To: ontolog-forum@xxxxxxxxxxxxxxxx
From: John F Sowa <sowa@xxxxxxxxxxx>
Date: Thu, 27 Sep 2012 09:41:12 -0400
Message-id: <50645778.2030302@xxxxxxxxxxx>
Doug, William, and Leo,    (01)

Rom Harré
> the brain is not a part of a person in the way that a grain of sand
> is part of a beach. It is part of a person’s body and a person’s body
> is not a part of that person in the relevant sense.    (02)

DF
> I would consider this philosophical game playing.  I'm guessing that
> RH is discussing a person as a "soul", a "life force" or event.    (03)

No.  He is treating a person as a living human being, all of whose
parts are working together in every action.  Please note the longer
quotation by RH from another lecture (copy below).  He knows a great
deal about neuroscience, psychology, and how they are interrelated.    (04)

To avoid issues of "soul" or "life force", let's consider the sentence,    (05)

    The rover Curiosity analyzed a rock on Mars.    (06)

The rover contains many parts, including computers, cameras, tools,
wheels, etc.  To do the analysis, it had to use all the parts working
together, and no single part could be said to do the analysis.    (07)

If you consider the rover to be the mereological sum of its parts,
you are ignoring all the structure, the methods of interconnection,
the function of each part, and all the knowledge (programs and data)
located in multiple computers and storage units in the rover.    (08)

As RH said, mereology is OK for talking about grains of sand on
a beach.  But even for a beach, there is a considerable amount
of structure.  Note how mixtures of sand and water behave.    (09)

So even with sand on a beach, mereology is only a partial theory
of the combination.  When you get to something as complicated as
a Mars rover, it's hopelessly inadequate as a theory of structure.    (010)

And when you're talking about plants, animals, or people, there
is so much that we don't understand about the living organism
that it is a serious mistake to treat it as a sum of its parts.    (011)

WF
> If a body is a *part* of an animal, what is the other part???    (012)

The other part is the *process*.  The body of an animal or a car
is mereologically the same as its body immediately after its death
(or you turn off the engine).  But a running car and a living animal
can do things that the static body cannot.    (013)

Cars are designed in a way that lets you restart the process.
Some bacteria can turn into spores and be revived, but most higher
animals cannot be stopped and restarted.  Aristotle would call
that running process the psyche, but you could also call it the
functionally organized process of the living organism.    (014)

Leo
> I'm not a relativist nor a subjectivist nor a nihilist.    (015)

There is nothing subjective about function.  Engineers build
functionality into their machines.  Biologists determine the
function of the genes, proteins, hormones, cells, and organs
of a living organism.  Understanding how all the functions
work together successfully is a major challenge.    (016)

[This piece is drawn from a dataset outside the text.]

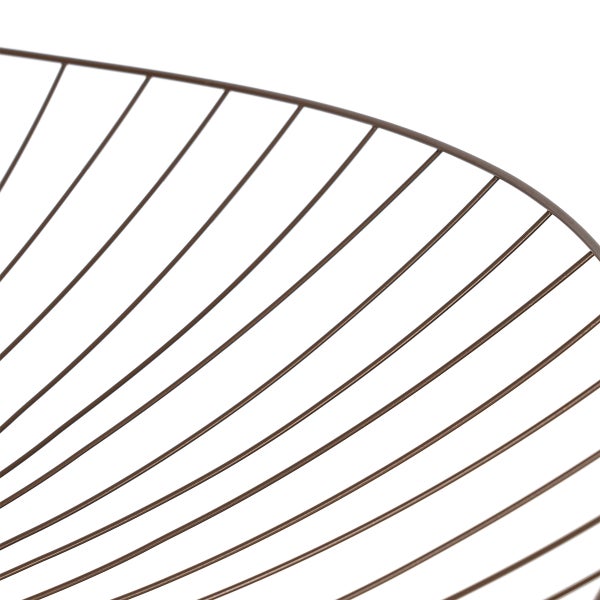 Detailaufnahme einer Metall-Obstschale mit Drahtstruktur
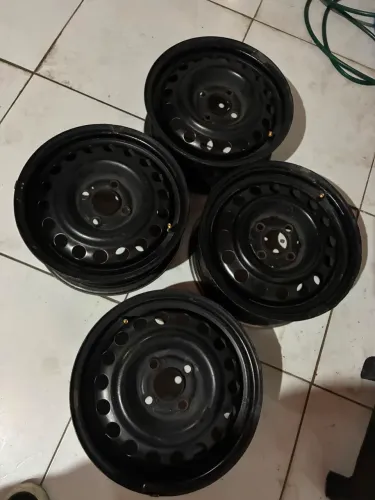 4 rodas aro 14 de ferro Volkswagen e GM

Fundamental principle:  Mereology does not take structure and
function into account. You need much, much more than mereology
or even mereotopology -- you need to consider the functionality
of each part and its role in a working system or organism.    (017)

John
_____________________________________________________________________    (018)

Why Brains Can’t Think: Exposing the Mereological Fallacy
Rom Harré, Emeritus Fellow of Linacre College
Monday 16th July, 7pm: Rewley House    (019)

As the 21st Century opened, the discipline of 'academic psychology' 
seemed to be separating into two radically distinct and perhaps 
irreconcilable domains. Cultural/Discursive psychology focused on the 
discursive means for the management of meaning in a world of norms, 
while Neuropsychology focused on the investigation of brain processes 
loosely correlated with intuitively identified cognitive processes. 
These two domains can be reconciled in a hybrid science that brings them 
together into a synthesis more powerful than anything psychologists have 
achieved before.    (020)

The marriage of Neuroscience and Cultural/Discursive psychology is based 
on the insights of many critics of the causal framework for psychology, 
but the most insightful has been one philosopher in particular, Ludwig 
Wittgenstein. Hybrid psychology depends on the intuition that while 
brains can be assimilated into the world of persons, as among the 
instruments people use for carrying out many of their projects, people 
cannot be assimilated into the world of cell structures and molecular 
processes. To suppose that they can be has been called the 'mereological 
fallacy' – ascribing attributes of wholes to some of their parts. People 
think. Brains, parts of people’s bodies, do not.    (021)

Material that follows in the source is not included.